2. Lots of downloads or positive reviews don’t mean an app isn’t harmful
Just because an app appears to have a good reputation doesn’t make it so. Rave reviews can be forged, and a high amount of downloads can simply indicate a threat actor was successful in fooling a lot of victims. Before downloading an app, be sure to take a look at the developer—if it’s not a brand you recognize or has a strange appearance or spelling, think twice. You can even do a Google search on the developer for more clues about its reputation.

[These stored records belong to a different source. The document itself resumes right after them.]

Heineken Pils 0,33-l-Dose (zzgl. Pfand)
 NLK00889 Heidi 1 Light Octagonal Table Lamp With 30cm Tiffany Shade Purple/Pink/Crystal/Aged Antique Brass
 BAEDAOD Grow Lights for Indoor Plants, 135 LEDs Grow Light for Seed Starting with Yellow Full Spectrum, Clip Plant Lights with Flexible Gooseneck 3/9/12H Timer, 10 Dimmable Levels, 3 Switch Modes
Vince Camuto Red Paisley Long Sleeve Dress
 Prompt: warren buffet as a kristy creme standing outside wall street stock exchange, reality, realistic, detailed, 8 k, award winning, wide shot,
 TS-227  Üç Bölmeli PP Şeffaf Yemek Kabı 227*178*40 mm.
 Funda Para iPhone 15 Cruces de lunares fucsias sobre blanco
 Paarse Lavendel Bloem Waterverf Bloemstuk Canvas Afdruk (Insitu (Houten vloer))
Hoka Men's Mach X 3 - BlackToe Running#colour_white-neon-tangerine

3. Ensure that you are only downloading apps from official app stores such as Google or Apple
RiskIQ research found that Q4 2016 brought with it a host of new malicious applications, as well as the stores to serve them, a trend we expect will continue in 2017. Cyber threat actors are starting to move away from legitimate stores such as the Apple App Store and Google Play, focusing more on feral applications and secondary hosting providers.
For example, one of the newly added stores, AllFreeAPK, shot immediately into our list of top 10 all-time providers of blacklisted applications within the first few months of being tracked.
4. Does it look credible? Trust your heart
This Valentine’s Day, make sure to take a deeper look at each app. New developers, or those that take advantage free email services (@gmail) for their developer contact, can be huge red flags—threat actors often use them to produce mass amounts of malicious apps in a short period. Also, bad grammar in the description highlights the haste of development and the lack of marketing professionalism that are hallmarks of mobile malware campaigns.
RiskIQ differs from other monitoring systems that rely on end users employing their virus scanning tools and manual sample submissions. RiskIQ Mobile Threats provides discovery across all major app stores as well as more than 150 less common stores, including focused coverage of high-risk stores and regions for brand impersonation, malware, and fraud. In addition to unparalleled coverage of third-party app stores worldwide, RiskIQ incorporates a unique source of “feral app” binaries, or mobile apps collected outside of dedicated mobile app stores, via drive-by download for example. With this comprehensive mobile presence knowledge organizations have the unparalleled ability to:
- Monitor Google Play, Apple App Store, and more than 150 other app stores around the world to uncover rogue mobile apps
- Intelligently sort legitimate apps from modified versions, unauthorized fakes, and look-a-likes
- Go beyond just the title and description, automatically analyzing all app content and code to discover logos, brand references, and malicious code hidden within app files
- Track app versions and correlate apps across stores for efficient management and enforcement of related incidents
To analyze the methods threat actors will employ this Valentine’s Day and where they're targeting their malicious efforts, RiskIQ ran a keyword query of the mobile app database* looking for instances of the brand names of seven leading dating apps in the United States.
The findings confirmed that threat actors are using these well-known dating apps specifically to exploit their popularity.
*The source of RiskIQ’s Blacklists is our collection of internet data, which our collection architecture of virtual users gathers by scanning, crawling, and passive-sensing the internet—including web pages, mobile apps and stores, and a variety of social websites and apps. RiskIQ’s crawling technology covers more than 300 million mobile devices, 1.8 billion HTTP sessions, 783 global locations across more than 100 countries, 16 million mobile apps, and 300 million domain records.